Summers mines collections such as the Marcus Garvey Memorial Collection at Fisk University, a variety of rare collections at Yale and Howard Universities, the New York Public Library and Schomburg Center for Research in Back Culture and the W.E.B. DuBois papers in New Jersey, along with a fair collection of newspapers and additional primary sources. The book’s strength lies in its first three chapters, in which Summers juxtaposes the Prince Hall Freemasons, UNIA Garveyites, and the Women’s auxiliary group, Order of the Eastern Star. Manliness and Its Discontents does a remarkable job of using letters between officiants in African American institutions to suss out ways in which black males “performed a gendered subjectivity” during this period, and Summers does so by using somewhat of a transnational approach, noting how Caribbean immigrants were prominent along with migrations out of the U.S. South.

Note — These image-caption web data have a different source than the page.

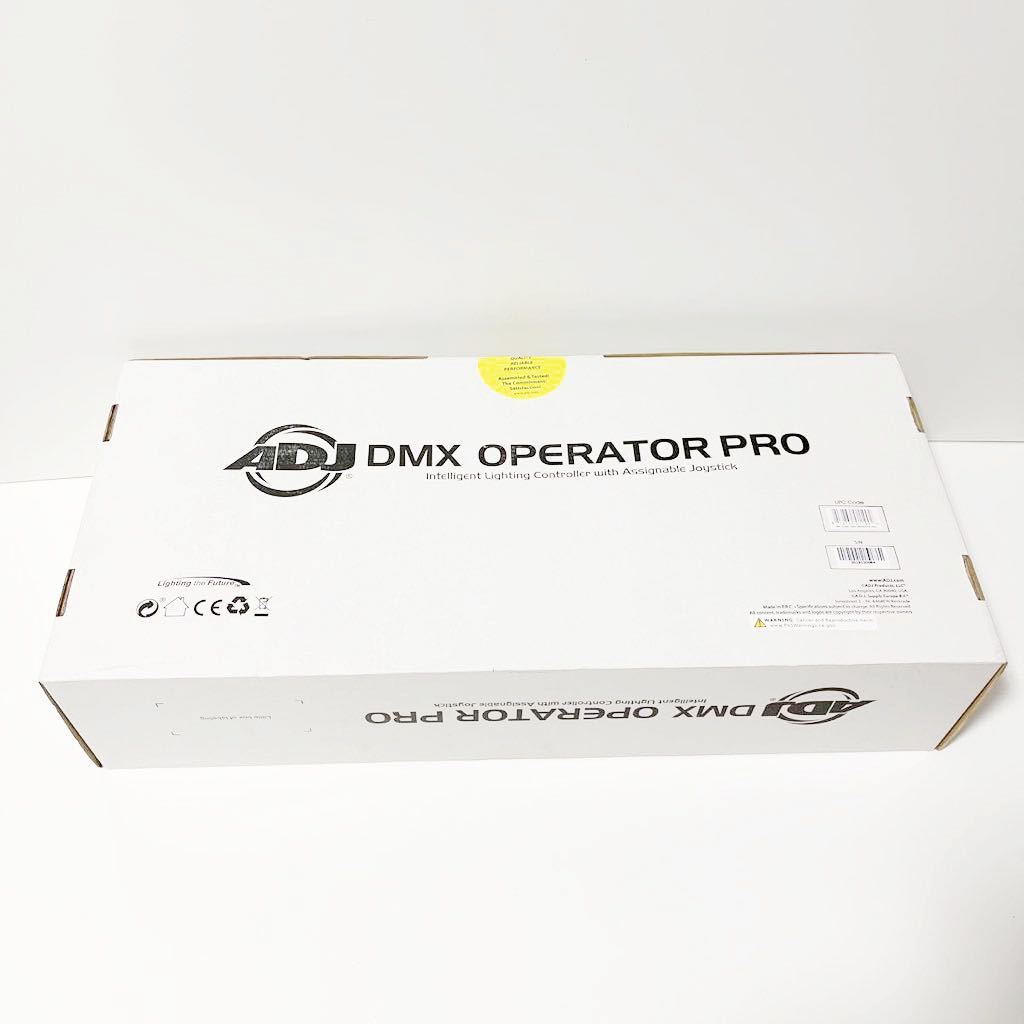 Sản phẩm ほぼ未使用 DMXコントローラー ELATION DMX OPERATOR PRO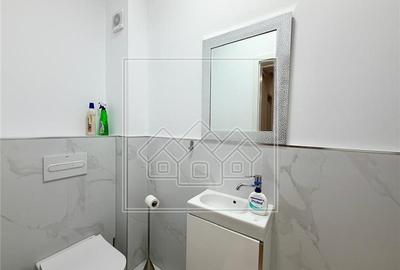 Apartament cu 2 camere nedecomandat în Lazaret - 15
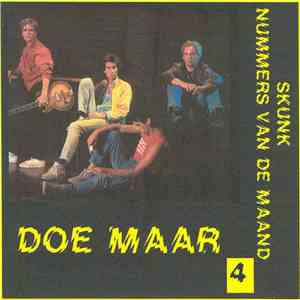 Doe Maar - Skunk Nummers Van De Maand 4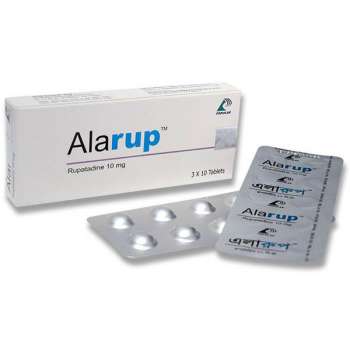 Alarup 10mg Tablet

Summers’ welcome chapter on the OES illustrates how African American members “attempted to introduce domestic efficiency, temperance, and middle-class standards of morality into the lives of working-class and poor blacks.” In his discussion of both men and women, Summers also attempts to locate the fault lines of power where the dominant “hegemonic model of manhood” (and by extension, womanhood), intersected with African Americans’ desire to own and develop their own standards of gender. What emerges is a study in nuance, in which African American men were “not merely screens on which white men projected their anxieties,” nor was their identity simply an expression of resistance.

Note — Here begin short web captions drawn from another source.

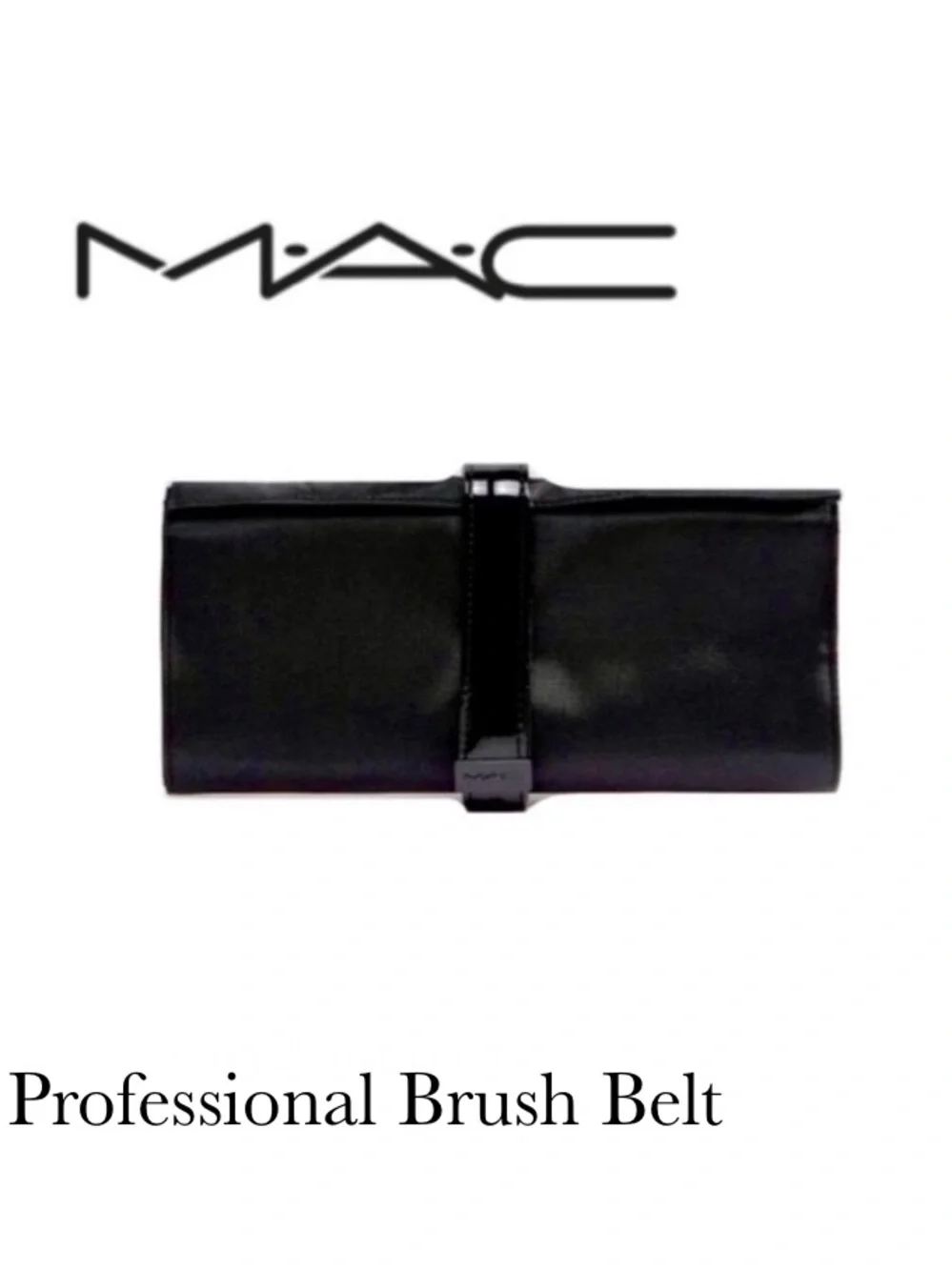 MAC Pro Cosmetics Brush Belt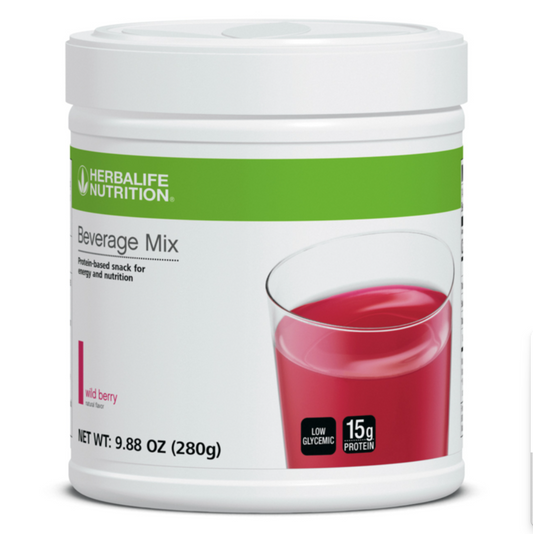 Beverage Mix: Wild Berry 9.88 Oz.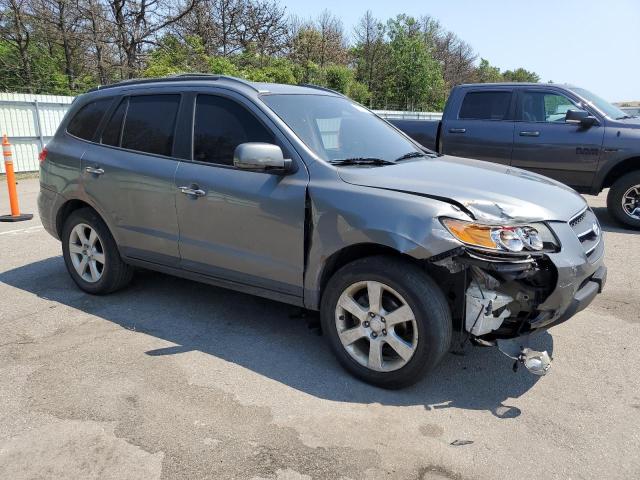 Photo 3 VIN: 5NMSH13E49H309739 - HYUNDAI SANTA FE 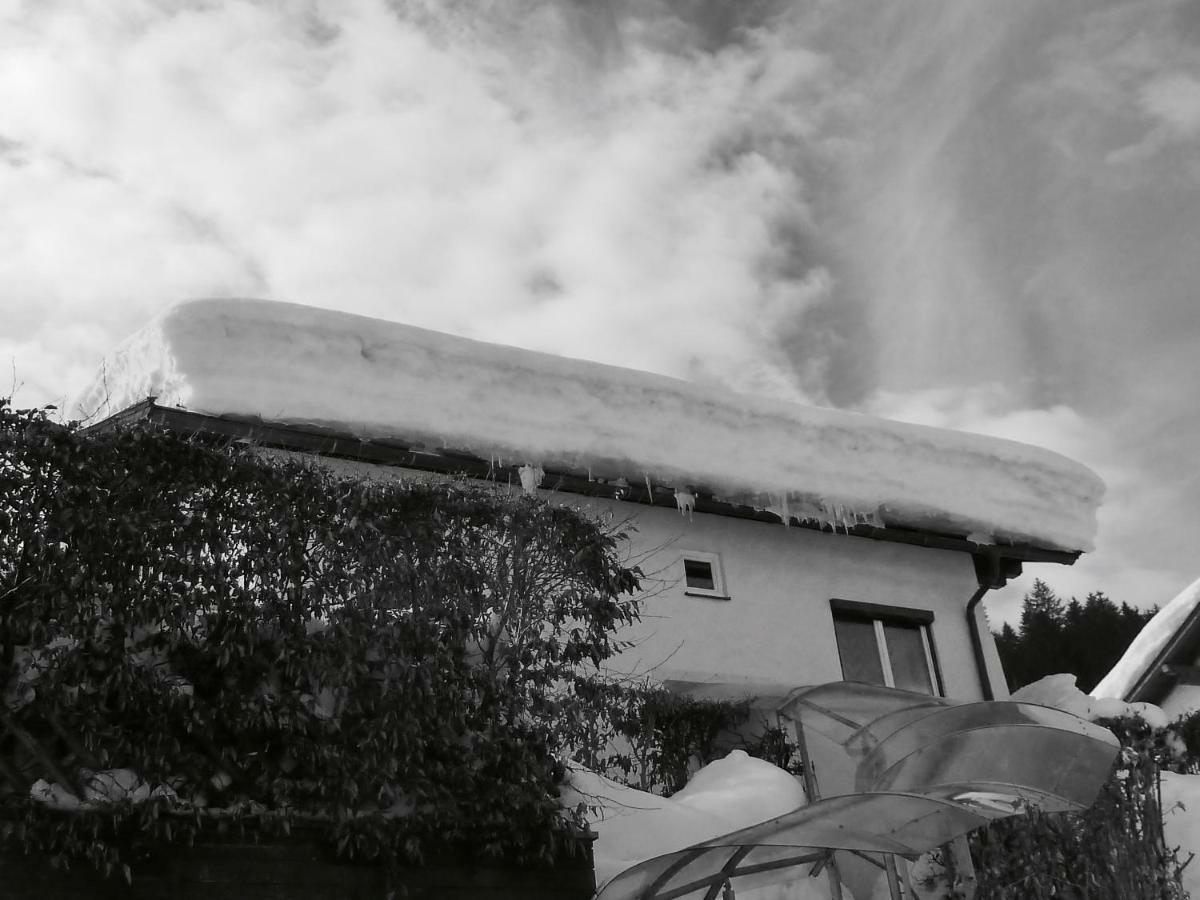 Villa Basislager Fieberbrunn Esterno foto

Whether the book succeeds in the latter chapters is up for debate. Concentration on prominent African Americans in the Harlem Renaissance leaves the book open for critique, whether or not the reader agrees with the premise that the African American culture was shifting away from a model of respectability to one of consumption. Barring the question of sufficient representation, it is clear that Summers argues effectively that at least overlapping shifts were occurring from what Kevin Gaines dubs a “preoccupation with bourgeois status” to something decidedly different. This book would make an excellent addition to a gendered study of African American institutions in the early twentieth century.